Every record here must be set down once more, precisely as it reads.

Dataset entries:
━━━━━━━━━━━━━━━━━━━━

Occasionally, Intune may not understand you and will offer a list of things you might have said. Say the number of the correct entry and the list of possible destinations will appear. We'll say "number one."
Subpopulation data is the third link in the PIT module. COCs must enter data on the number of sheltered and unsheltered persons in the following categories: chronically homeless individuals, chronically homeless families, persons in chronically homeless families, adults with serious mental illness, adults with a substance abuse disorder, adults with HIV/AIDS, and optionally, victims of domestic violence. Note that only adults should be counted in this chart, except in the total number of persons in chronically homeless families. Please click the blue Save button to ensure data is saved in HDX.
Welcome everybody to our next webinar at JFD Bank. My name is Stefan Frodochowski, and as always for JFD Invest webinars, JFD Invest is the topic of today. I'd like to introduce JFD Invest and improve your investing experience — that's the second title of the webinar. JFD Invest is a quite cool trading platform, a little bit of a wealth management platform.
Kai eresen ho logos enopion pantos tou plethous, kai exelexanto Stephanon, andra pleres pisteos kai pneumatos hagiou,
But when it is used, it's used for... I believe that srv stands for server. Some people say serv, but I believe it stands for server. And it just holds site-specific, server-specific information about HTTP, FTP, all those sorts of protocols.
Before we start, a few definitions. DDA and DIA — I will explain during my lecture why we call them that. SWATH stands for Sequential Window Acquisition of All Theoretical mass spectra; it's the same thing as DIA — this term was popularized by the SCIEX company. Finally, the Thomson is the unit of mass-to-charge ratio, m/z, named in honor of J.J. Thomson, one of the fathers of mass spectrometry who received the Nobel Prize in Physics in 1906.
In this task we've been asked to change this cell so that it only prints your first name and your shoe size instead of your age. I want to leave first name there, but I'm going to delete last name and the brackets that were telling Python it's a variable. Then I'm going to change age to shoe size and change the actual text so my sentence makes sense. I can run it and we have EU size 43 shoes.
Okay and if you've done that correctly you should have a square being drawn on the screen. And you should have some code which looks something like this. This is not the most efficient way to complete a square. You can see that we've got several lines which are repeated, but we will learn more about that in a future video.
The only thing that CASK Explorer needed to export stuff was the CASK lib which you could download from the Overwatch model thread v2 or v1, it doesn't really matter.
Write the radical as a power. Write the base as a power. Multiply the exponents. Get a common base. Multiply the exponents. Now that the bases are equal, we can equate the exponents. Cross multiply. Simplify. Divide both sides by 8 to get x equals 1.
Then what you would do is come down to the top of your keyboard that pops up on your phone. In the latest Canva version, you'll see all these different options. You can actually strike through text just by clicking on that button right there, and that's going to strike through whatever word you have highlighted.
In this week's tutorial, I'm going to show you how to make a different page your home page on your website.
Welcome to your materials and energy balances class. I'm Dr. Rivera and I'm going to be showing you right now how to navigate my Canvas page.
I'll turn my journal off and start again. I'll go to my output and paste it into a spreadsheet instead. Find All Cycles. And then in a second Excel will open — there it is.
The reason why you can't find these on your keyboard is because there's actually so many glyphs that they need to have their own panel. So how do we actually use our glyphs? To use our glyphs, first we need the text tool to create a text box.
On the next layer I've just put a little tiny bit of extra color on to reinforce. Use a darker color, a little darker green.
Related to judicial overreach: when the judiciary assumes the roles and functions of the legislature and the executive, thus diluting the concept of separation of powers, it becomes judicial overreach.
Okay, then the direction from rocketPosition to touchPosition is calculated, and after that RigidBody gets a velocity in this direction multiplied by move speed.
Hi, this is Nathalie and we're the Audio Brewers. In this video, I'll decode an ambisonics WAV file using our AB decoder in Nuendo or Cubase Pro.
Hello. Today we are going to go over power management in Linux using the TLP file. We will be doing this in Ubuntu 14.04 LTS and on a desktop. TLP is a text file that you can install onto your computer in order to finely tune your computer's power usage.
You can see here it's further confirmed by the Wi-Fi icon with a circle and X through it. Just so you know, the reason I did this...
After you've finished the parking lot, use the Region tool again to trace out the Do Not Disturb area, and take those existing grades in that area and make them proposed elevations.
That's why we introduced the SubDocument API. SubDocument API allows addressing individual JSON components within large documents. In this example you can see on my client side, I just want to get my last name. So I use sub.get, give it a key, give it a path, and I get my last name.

━━━━━━━━━━━━━━━━━━━━

RESPONSE AREA:
Occasionally, Intune may not understand you and will offer a list of things you might have said. Say the number of the correct entry and the list of possible destinations will appear. We'll say "number one."
Subpopulation data is the third link in the PIT module. COCs must enter data on the number of sheltered and unsheltered persons in the following categories: chronically homeless individuals, chronically homeless families, persons in chronically homeless families, adults with serious mental illness, adults with a substance abuse disorder, adults with HIV/AIDS, and optionally, victims of domestic violence. Note that only adults should be counted in this chart, except in the total number of persons in chronically homeless families. Please click the blue Save button to ensure data is saved in HDX.
Welcome everybody to our next webinar at JFD Bank. My name is Stefan Frodochowski, and as always for JFD Invest webinars, JFD Invest is the topic of today. I'd like to introduce JFD Invest and improve your investing experience — that's the second title of the webinar. JFD Invest is a quite cool trading platform, a little bit of a wealth management platform.
Kai eresen ho logos enopion pantos tou plethous, kai exelexanto Stephanon, andra pleres pisteos kai pneumatos hagiou,
But when it is used, it's used for... I believe that srv stands for server. Some people say serv, but I believe it stands for server. And it just holds site-specific, server-specific information about HTTP, FTP, all those sorts of protocols.
Before we start, a few definitions. DDA and DIA — I will explain during my lecture why we call them that. SWATH stands for Sequential Window Acquisition of All Theoretical mass spectra; it's the same thing as DIA — this term was popularized by the SCIEX company. Finally, the Thomson is the unit of mass-to-charge ratio, m/z, named in honor of J.J. Thomson, one of the fathers of mass spectrometry who received the Nobel Prize in Physics in 1906.
In this task we've been asked to change this cell so that it only prints your first name and your shoe size instead of your age. I want to leave first name there, but I'm going to delete last name and the brackets that were telling Python it's a variable. Then I'm going to change age to shoe size and change the actual text so my sentence makes sense. I can run it and we have EU size 43 shoes.
Okay and if you've done that correctly you should have a square being drawn on the screen. And you should have some code which looks something like this. This is not the most efficient way to complete a square. You can see that we've got several lines which are repeated, but we will learn more about that in a future video.
The only thing that CASK Explorer needed to export stuff was the CASK lib which you could download from the Overwatch model thread v2 or v1, it doesn't really matter.
Write the radical as a power. Write the base as a power. Multiply the exponents. Get a common base. Multiply the exponents. Now that the bases are equal, we can equate the exponents. Cross multiply. Simplify. Divide both sides by 8 to get x equals 1.
Then what you would do is come down to the top of your keyboard that pops up on your phone. In the latest Canva version, you'll see all these different options. You can actually strike through text just by clicking on that button right there, and that's going to strike through whatever word you have highlighted.
In this week's tutorial, I'm going to show you how to make a different page your home page on your website.
Welcome to your materials and energy balances class. I'm Dr. Rivera and I'm going to be showing you right now how to navigate my Canvas page.
I'll turn my journal off and start again. I'll go to my output and paste it into a spreadsheet instead. Find All Cycles. And then in a second Excel will open — there it is.
The reason why you can't find these on your keyboard is because there's actually so many glyphs that they need to have their own panel. So how do we actually use our glyphs? To use our glyphs, first we need the text tool to create a text box.
On the next layer I've just put a little tiny bit of extra color on to reinforce. Use a darker color, a little darker green.
Related to judicial overreach: when the judiciary assumes the roles and functions of the legislature and the executive, thus diluting the concept of separation of powers, it becomes judicial overreach.
Okay, then the direction from rocketPosition to touchPosition is calculated, and after that RigidBody gets a velocity in this direction multiplied by move speed.
Hi, this is Nathalie and we're the Audio Brewers. In this video, I'll decode an ambisonics WAV file using our AB decoder in Nuendo or Cubase Pro.
Hello. Today we are going to go over power management in Linux using the TLP file. We will be doing this in Ubuntu 14.04 LTS and on a desktop. TLP is a text file that you can install onto your computer in order to finely tune your computer's power usage.
You can see here it's further confirmed by the Wi-Fi icon with a circle and X through it. Just so you know, the reason I did this...
After you've finished the parking lot, use the Region tool again to trace out the Do Not Disturb area, and take those existing grades in that area and make them proposed elevations.
That's why we introduced the SubDocument API. SubDocument API allows addressing individual JSON components within large documents. In this example you can see on my client side, I just want to get my last name. So I use sub.get, give it a key, give it a path, and I get my last name.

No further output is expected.